### AVAILABLE DATA
*** Block opens ***

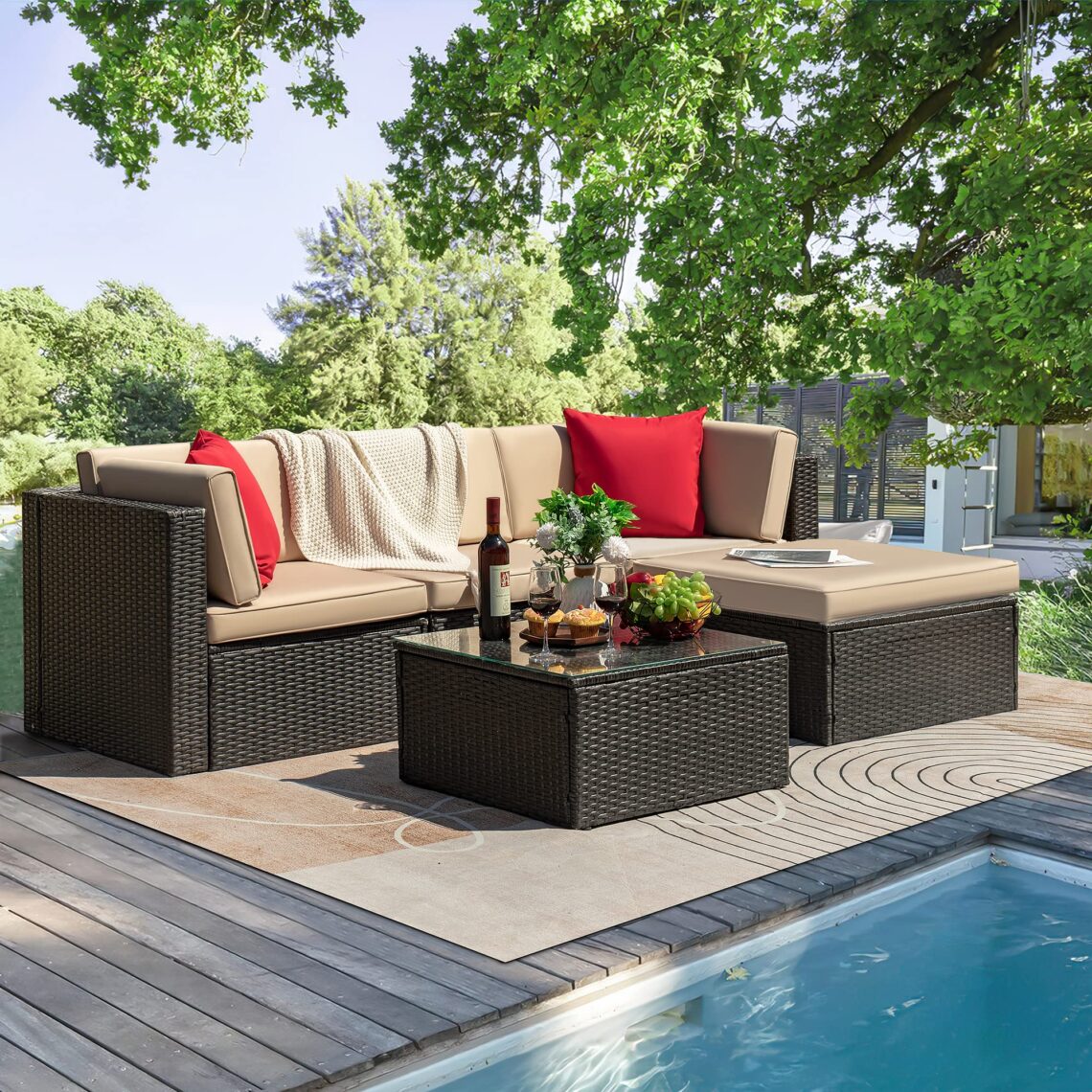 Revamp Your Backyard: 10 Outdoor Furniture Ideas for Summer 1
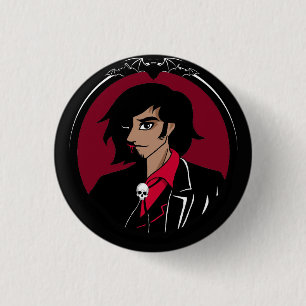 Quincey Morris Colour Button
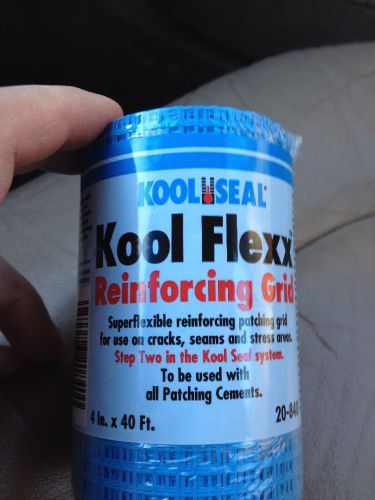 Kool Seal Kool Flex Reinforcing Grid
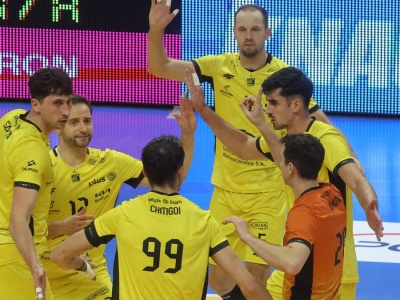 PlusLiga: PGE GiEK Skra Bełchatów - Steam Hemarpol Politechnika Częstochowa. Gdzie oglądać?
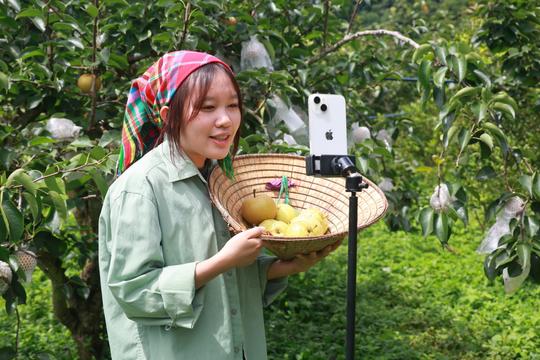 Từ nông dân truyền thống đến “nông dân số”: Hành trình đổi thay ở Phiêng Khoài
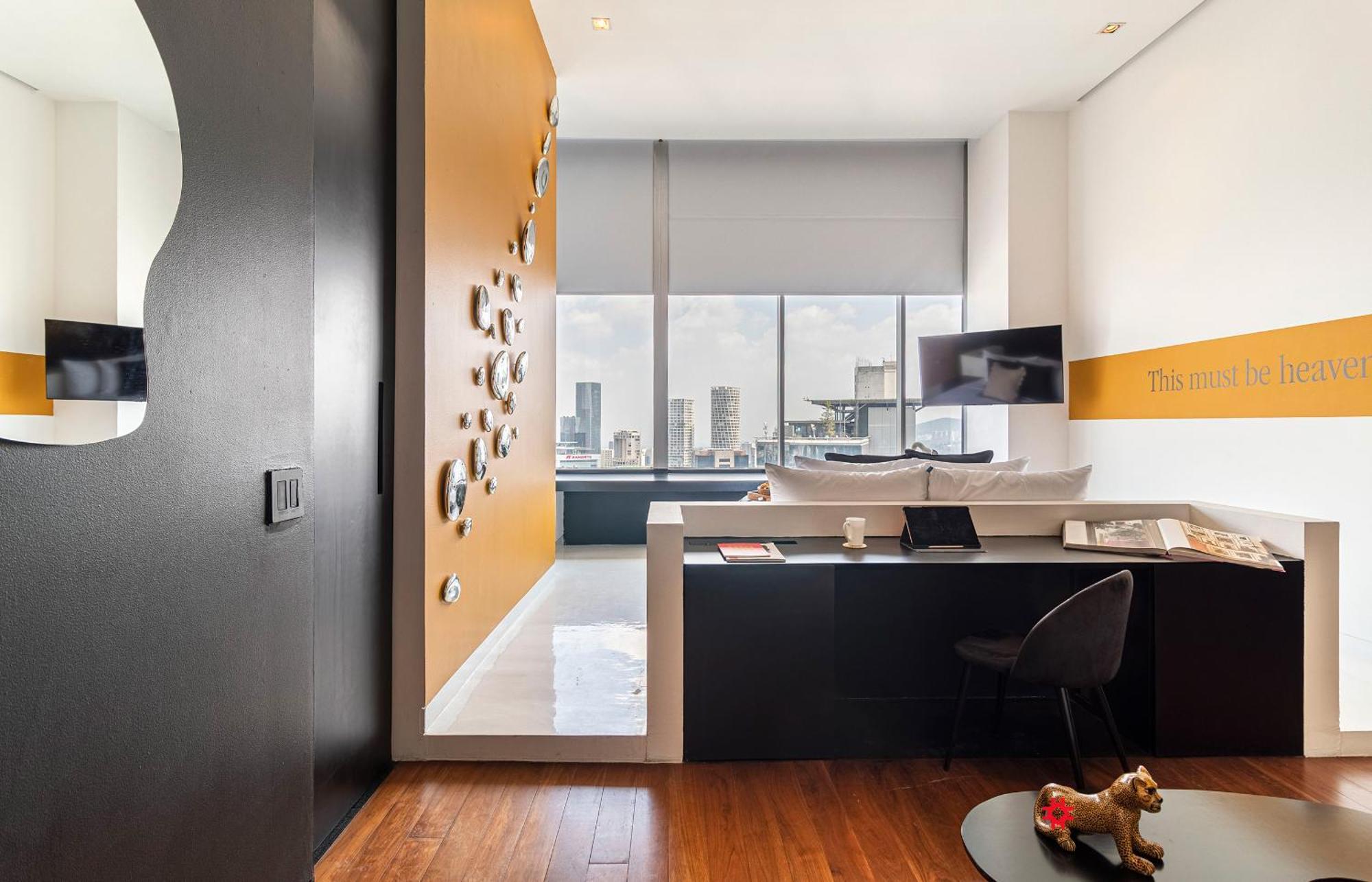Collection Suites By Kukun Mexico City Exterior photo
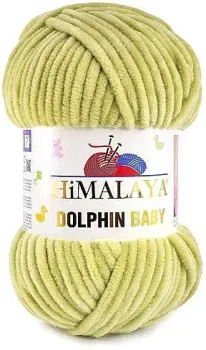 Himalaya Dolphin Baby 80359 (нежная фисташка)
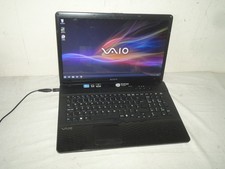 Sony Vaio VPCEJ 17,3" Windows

*** Block closes ***

### PROBLEM STATEMENT
What is needed is an exact restatement of every line from the line containing "Collection Suites By" through the last line of the records, minus any pictures.

### RESULT OF THE EXERCISE
Collection Suites By Kukun Mexico City Exterior photo
 Himalaya Dolphin Baby 80359 (нежная фисташка)
 Sony Vaio VPCEJ 17,3" Windows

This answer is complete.